Septembre en Guinée : Un mois chargé d'histoire, de douleurs et d'espoirs
Le mois de septembre occupe une place à part dans la mémoire collective guinéenne. Il revient chaque année comme une saison historique, lourde de souvenirs tragiques, de ruptures politiques majeures, mais aussi d’espoirs renouvelés. Entre indépendance, massacres, procès et changements de régime, septembre est devenu, malgré lui, le théâtre d’événements qui ont façonné l’âme politique de la Guinée.
Septembre 1958 : Le non historique à la France
Tout commence en septembre 1958, lorsque la Guinée marque de façon irréversible son destin. Le 28 septembre 1958, les Guinéens se rendent aux urnes pour répondre à une question décisive : accepter la nouvelle Constitution française proposée par le Général De Gaulle et rester dans la Communauté française, ou voter «NON» et choisir l’indépendance immédiate. Contre toute attente, sous la houlette d’Ahmed Sékou Touré et ses camarades de lutte, la Guinée dit massivement «NON». Ce vote courageux propulse la Guinée dans une indépendance solitaire et immédiate, obtenue le 2 octobre 1958, deux ans avant les autres colonies d’Afrique francophone. Ce mois-là, la Guinée a montré à l’Afrique ce qu’est la souveraineté par le choix populaire.
Septembre 2009 : Le massacre d’un peuple en quête de démocratie
Un demi-siècle plus tard, le 28 septembre devient cette fois un jour de deuil national. Au matin du 28 septembre 2009, alors que l'opposition appelle à un rassemblement pacifique au stade éponyme pour protester contre une éventuelle candidature du chef de la junte, le Capitaine Moussa Dadis Camara, les forces de sécurité guinéennes tirent à balles réelles sur la foule. Le bilan est tragique : plus de 150 morts, des centaines de blessés, des femmes violées en public, des exécutions sommaires. Ce jour-là, c’est la conscience nationale qui a été violée dans l’enceinte même d’un lieu censé incarner la République.
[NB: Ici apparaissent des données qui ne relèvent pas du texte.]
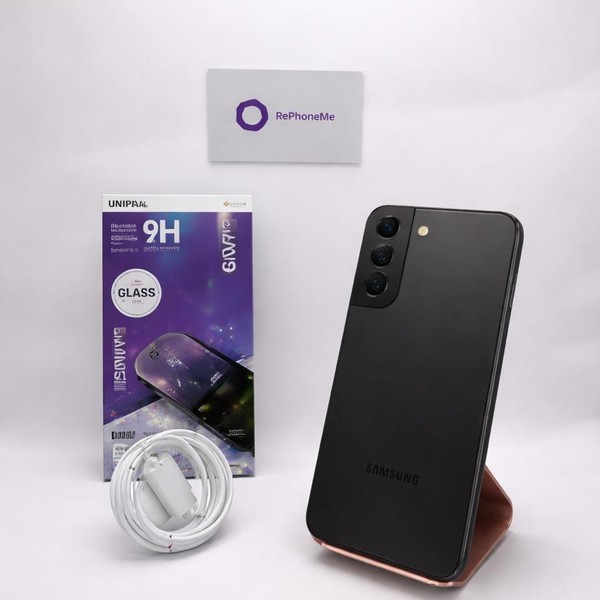 Samsung Galaxy S22 Plus - Unlocked, 256 GB, Black, 8 GB, SM-S906U1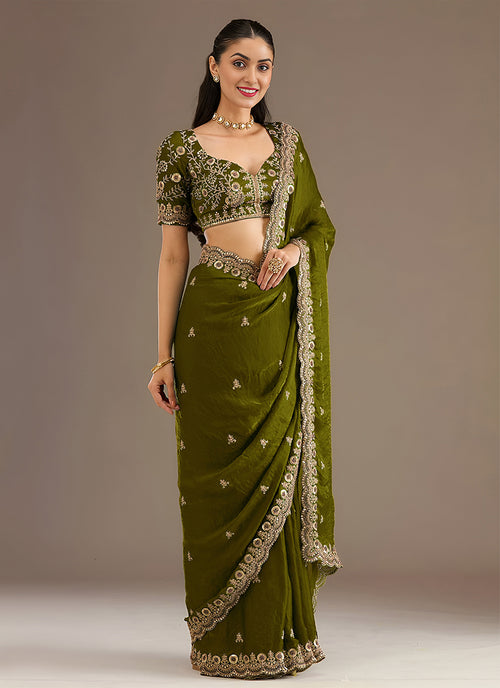 Buy Wedding Saree In USA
Septembre 2021 : La rupture avec le troisième mandat
Coup d'état du 5 septembre 2021
Le mois de septembre est à nouveau inscrit dans l’histoire contemporaine avec le 5 septembre 2021, date du renversement d’Alpha Condé par les forces spéciales dirigées par le colonel Mamady Doumbouya. Le président Alpha Condé venait d’obtenir un troisième mandat controversé à la suite d’un changement constitutionnel jugé illégitime par une grande partie de la population. Le putsch militaire est accueilli par une liesse populaire, mais aussi par des attentes immenses. La transition qui s’ouvre ce jour-là porte la promesse d’un renouveau institutionnel et démocratique, mais les défis restent immenses.
Septembre 2022 : L’ouverture du procès du massacre du 28 septembre 2009
Procès des évenements du 28 septembre 2009 #
Le 28 septembre 2022, exactement 13 ans jour pour jour après les événements sanglants de 2009, un procès historique s’ouvre à Conakry. Pour la première fois dans l’histoire du pays, d’anciens hauts responsables, y compris le Capitaine Moussa Dadis Camara lui-même, comparaissent devant la justice pour répondre des crimes commis. Ce procès marque un tournant : non seulement pour les victimes et leurs familles, mais aussi pour la justice guinéenne qui commence à rompre avec l'impunité. C’est aussi une mise à l’épreuve de la volonté de la transition en place de bâtir un État de droit.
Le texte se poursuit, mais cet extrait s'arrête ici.